Tuesday, 27 August 2019

Exploring cytokine data from fibroblasts with ggpubr...

EDITED 24 July 2020. Some changes to functions means that this script needed to be changed. It should work again now.

===
Last month, I wrote a blog post exploring some data from an interesting publication by Croft et al about the role of synovial fibroblasts in rheumatoid arthritis.
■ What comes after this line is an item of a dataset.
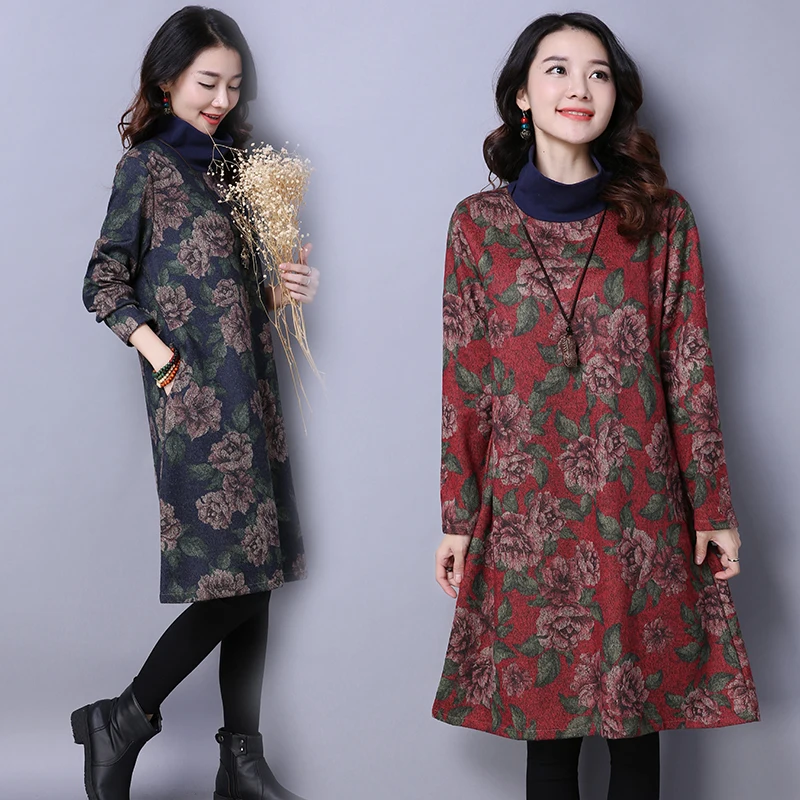 Женское платье рубашка с воротником под горло зимние винтажные платья большие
The paper was "Distinct fibroblast subsets drive inflammation and damage in arthritis". A Biorxiv of the manuscript is available.

Today, while preparing teaching materials for R for Biochemists 201, an advanced R course I'm preparing for the Biochemical Society, I have been exploring the data in Figure 4a. The data analysis workflow requires data import, some tidying in Excel and R, summarisation and visualisation. The data in the Excel file was challenging. I have edited it to make it a little easier for me and put it on Github

For the visualisation, I have been using the ggpubr package by Alboukadel Kassambara. ggpubr is a very interesting package that makes adding results from statistical tests to ggplots more straight forward. Alboukadel Kassambara has also created a VERY useful site for learning R.
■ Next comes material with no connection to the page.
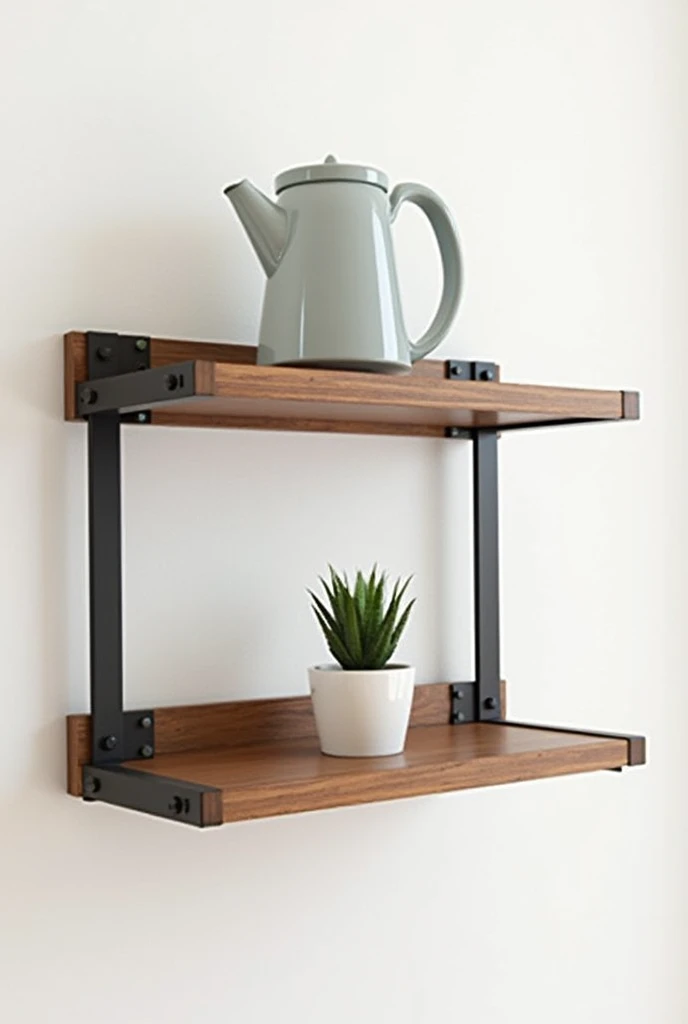 Create for me a 2-tier industrial shelf with a small brown shelf for the wall with dimensions of 40 centimeters long and 21 centimeters wide with black supports.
To go back to the Nature paper by Croft et al and quote from the paper:
"FAPα+THY1− and FAPα+THY1+ cells isolated from day 9 STIA synovia were stimulated and analysed using luminex."
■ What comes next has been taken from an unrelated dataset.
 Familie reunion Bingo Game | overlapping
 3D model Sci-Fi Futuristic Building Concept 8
Below is my version of Figure 4a which shows the different cytokine profiles produced. It's not perfect but it's helped my learning a lot today.


Here is the script that makes my version of Figure 4a and some graphs along the way. The data exploration revealed a few issues about the data which I have mentioned at the bottom and along the way. I will email the corresponding and first authors with some questions. This has been a very interesting process. I would like to thank the authors for making the data available and Alboukadel Kassambara for the interesting ggpubr package. 

START
# making figure 4a ...
library(readxl)
library(dplyr)
library(ggplot2)
library(tidyr)
library(tibble)
library(ggpubr)

# DATA IMPORT
# read in the data - I have simplified it a bit...
link <- ("https://raw.githubusercontent.com/brennanpincardiff/RforBiochemists/master/data/figure_4a_data_altered.xlsx")
download.file(url=link, destfile="file.xlsx", mode="wb")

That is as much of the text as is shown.